We analyzed 17,498 posts from April 2016 through February 2018 on the Reddit and 4chan forums where Pizzagate was discussed. The model treats each post as a fragment of a hidden story and sets about to uncover the narrative. The software identifies the people, places and things in the posts and determines which are major elements, which are minor elements and how they’re all connected.
The model determines the main layers of the narrative—in the case of Pizzagate, Democratic politics, the Podesta brothers, casual dining, satanism and WikiLeaks—and how the layers come together to form the narrative as a whole.
To ensure that our methods produced accurate output, we compared the narrative framework graph produced by our model with illustrations published in The New York Times. Our graph aligned with those illustrations, and also offered finer levels of detail about the people, places and things and their relationships.
Sturdy Truth, Fragile Fiction
To see if we could distinguish between a conspiracy theory and an actual conspiracy, we examined Bridgegate, a political payback operation launched by staff members of Republican Gov. Chris Christie’s administration against the Democratic mayor of Fort Lee, New Jersey.
As we compared the results of our machine learning system using the two separate collections, two distinguishing features of a conspiracy theory’s narrative framework stood out.
First, while the narrative graph for Bridgegate took from 2013 to 2020 to develop, Pizzagate’s graph was fully formed and stable within a month. Second, Bridgegate’s graph survived having elements removed, implying that New Jersey politics would continue as a single, connected network even if key figures and relationships from the scandal were deleted.
The Pizzagate graph, in contrast, was easily fractured into smaller subgraphs. When we removed the people, places, things and relationships that came directly from the interpretations of the WikiLeaks emails, the graph fell apart into what in reality were the unconnected domains of politics, casual dining, the private lives of the Podestas and the odd world of satanism.
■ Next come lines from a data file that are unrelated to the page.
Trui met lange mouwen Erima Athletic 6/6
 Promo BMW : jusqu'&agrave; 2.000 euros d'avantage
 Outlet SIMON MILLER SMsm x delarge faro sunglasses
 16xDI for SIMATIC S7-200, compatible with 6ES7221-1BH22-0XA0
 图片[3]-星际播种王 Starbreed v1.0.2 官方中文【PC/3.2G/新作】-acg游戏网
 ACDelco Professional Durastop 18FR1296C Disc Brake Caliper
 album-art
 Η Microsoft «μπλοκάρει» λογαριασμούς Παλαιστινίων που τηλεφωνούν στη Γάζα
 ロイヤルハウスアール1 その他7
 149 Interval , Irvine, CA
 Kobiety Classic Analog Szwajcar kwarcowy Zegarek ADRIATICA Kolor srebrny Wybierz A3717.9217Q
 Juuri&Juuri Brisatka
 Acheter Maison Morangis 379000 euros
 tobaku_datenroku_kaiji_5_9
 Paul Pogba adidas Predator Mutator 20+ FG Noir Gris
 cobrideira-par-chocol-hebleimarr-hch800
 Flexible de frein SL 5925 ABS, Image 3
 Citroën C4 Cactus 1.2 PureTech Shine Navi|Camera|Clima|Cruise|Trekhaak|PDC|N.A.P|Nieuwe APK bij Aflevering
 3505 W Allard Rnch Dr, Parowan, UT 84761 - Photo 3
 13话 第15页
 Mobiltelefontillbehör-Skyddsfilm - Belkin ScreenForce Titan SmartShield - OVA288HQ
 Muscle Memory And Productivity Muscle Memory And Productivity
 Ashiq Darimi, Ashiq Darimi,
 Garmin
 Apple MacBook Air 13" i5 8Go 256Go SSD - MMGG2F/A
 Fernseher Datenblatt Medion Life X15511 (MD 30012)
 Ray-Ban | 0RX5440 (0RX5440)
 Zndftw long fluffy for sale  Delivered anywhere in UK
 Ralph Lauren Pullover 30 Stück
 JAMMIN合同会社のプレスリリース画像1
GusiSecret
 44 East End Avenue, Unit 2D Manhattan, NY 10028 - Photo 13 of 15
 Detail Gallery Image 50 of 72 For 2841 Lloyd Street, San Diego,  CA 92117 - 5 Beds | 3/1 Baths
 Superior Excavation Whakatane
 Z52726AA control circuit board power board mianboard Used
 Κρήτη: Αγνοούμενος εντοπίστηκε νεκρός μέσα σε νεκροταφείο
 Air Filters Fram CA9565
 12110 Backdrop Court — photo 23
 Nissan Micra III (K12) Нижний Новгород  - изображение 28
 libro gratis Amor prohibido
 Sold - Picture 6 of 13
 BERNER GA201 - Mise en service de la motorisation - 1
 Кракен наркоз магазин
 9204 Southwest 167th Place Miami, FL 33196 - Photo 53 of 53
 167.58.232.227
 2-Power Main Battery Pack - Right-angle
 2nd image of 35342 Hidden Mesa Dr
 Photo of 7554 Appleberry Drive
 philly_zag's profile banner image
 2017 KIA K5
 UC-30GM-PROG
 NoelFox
In the illustration below, the green planes are the major layers of the narrative, the dots are the major elements of the narrative, the blue lines are connections among elements within a layer and the red lines are connections among elements across the layers. The purple plane shows all the layers combined, showing how the dots are all connected. Removing the WikiLeaks plane yields a purple plane with dots connected only in small groups.
Early Warning System?
There are clear ethical challenges that our work raises. Our methods, for instance, could be used to generate additional posts to a conspiracy theory discussion that fit the narrative framework at the root of the discussion. Similarly, given any set of domains, someone could use the tool to develop an entirely new conspiracy theory.
However, this weaponization of storytelling is already occurring without automatic methods, as our study of social media forums makes clear. There is a role for the research community to help others understand how that weaponization occurs and to develop tools for people and organizations who protect public safety and democratic institutions.
Developing an early warning system that tracks the emergence and alignment of conspiracy theory narratives could alert researchers—and authorities—to real-world actions people might take based on these narratives. Perhaps with such a system in place, the arresting officer in the Pizzagate case would not have been baffled by the gunman’s response when asked why he’d shown up at a pizza parlor armed with an AR-15 rifle.